Friedrich Merz’s party approves German coalition agreement, bringing him closer to the chancellery
BERLIN (AP) — German election winner Friedrich Merz’s party on Monday approved an agreement to form a coalition government with a center-left rival, bringing him closer to the helm of a leading European power as it grapples with a stagnant economy, the Trump administration’s trade policy and the war in Ukraine.
Delegates at a convention of Merz’s center-right Christian Democratic Union party approved the agreement that was reached earlier this month. German news agency dpa reported that the exact vote count was not released Monday.

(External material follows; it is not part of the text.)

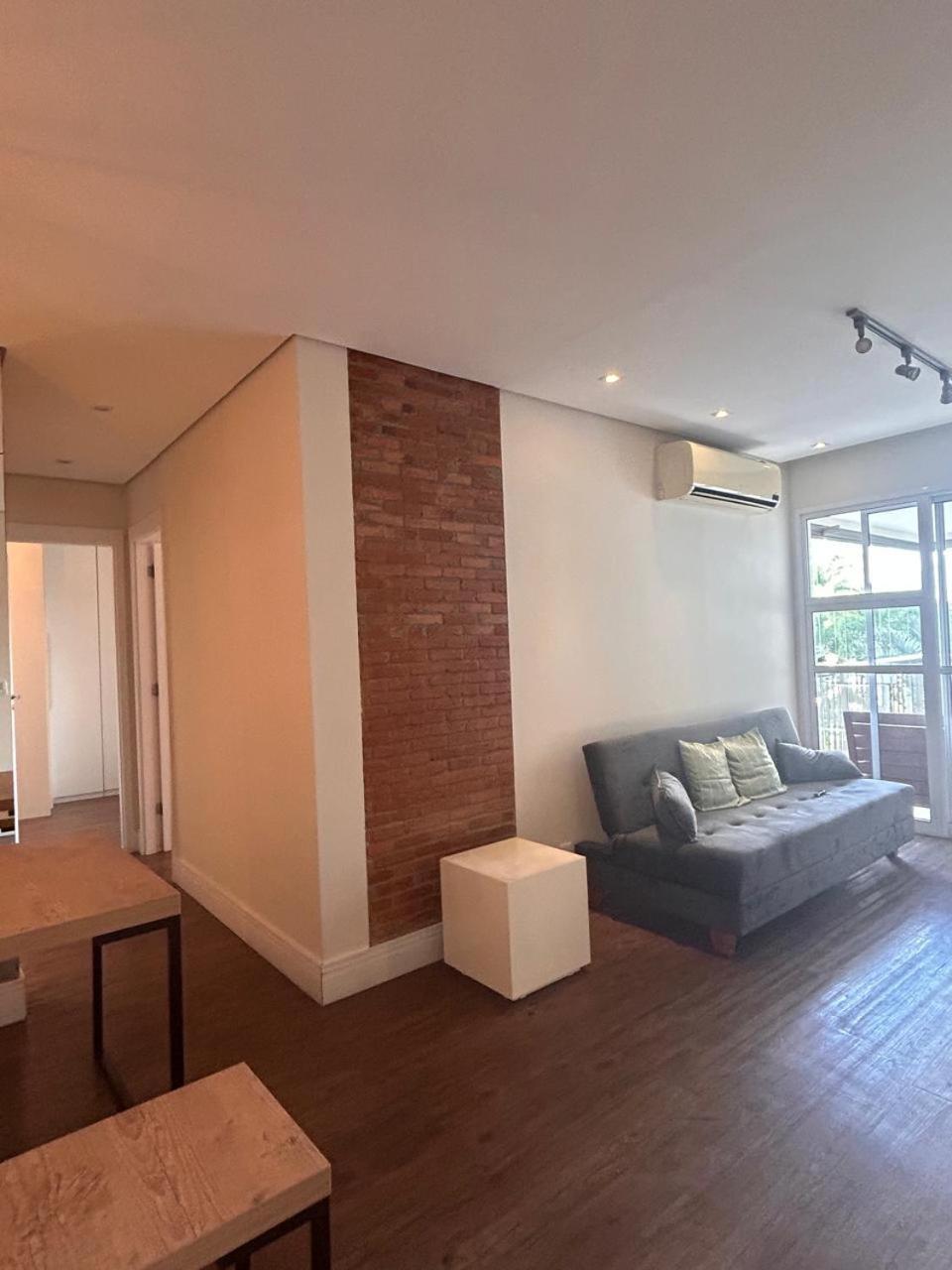 Apartment Residencial Jardim Barra Da Tijuca L Arenas Rio de Janeiro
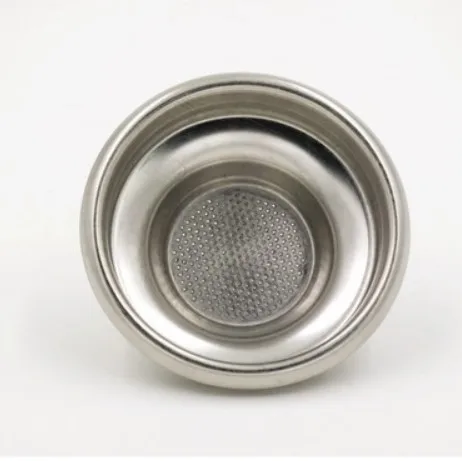 6 г одиночный фильтр корзина Filtro Cestino Caffe Espresso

The would-be coalition aims to spur economic growth, ramp up defense spending, take a tougher approach to migration and catch up on long-neglected modernization for the 27-nation European Union’s most populous member.
The deal still has a bigger hurdle to clear before parliament can meet to elect Merz. The junior partners in the prospective coalition, the center-left Social Democrats of outgoing Chancellor Olaf Scholz, put the agreement to the ballot of their entire 358,000-plus membership. The results are expected on Wednesday.
There is some resistance in the Social Democrats’ ranks after the party finished third in Germany’s election in February with its worst postwar result in a national parliamentary election. The party’s youth wing has come out against the deal.
The CDU is the dominant party in a two-party conservative bloc known as the Union. Its Bavarian sister party, the Christian Social Union, already approved the deal.
If the Social Democrats’ members approve the deal, the lower house of the German parliament will meet May 6 to elect Merz as chancellor. In that vote, Merz will need a majority of all members of the house to be elected as post-World War II Germany’s 10th chancellor, succeeding Scholz.
The proposed coalition has a relatively modest majority, with 328 of the Bundestag’s 630 seats.
Merz’s party also on Monday announced its proposed government team, including senior lawmaker Johann Wadephul as foreign minister — a position the CDU last held in the 1960s.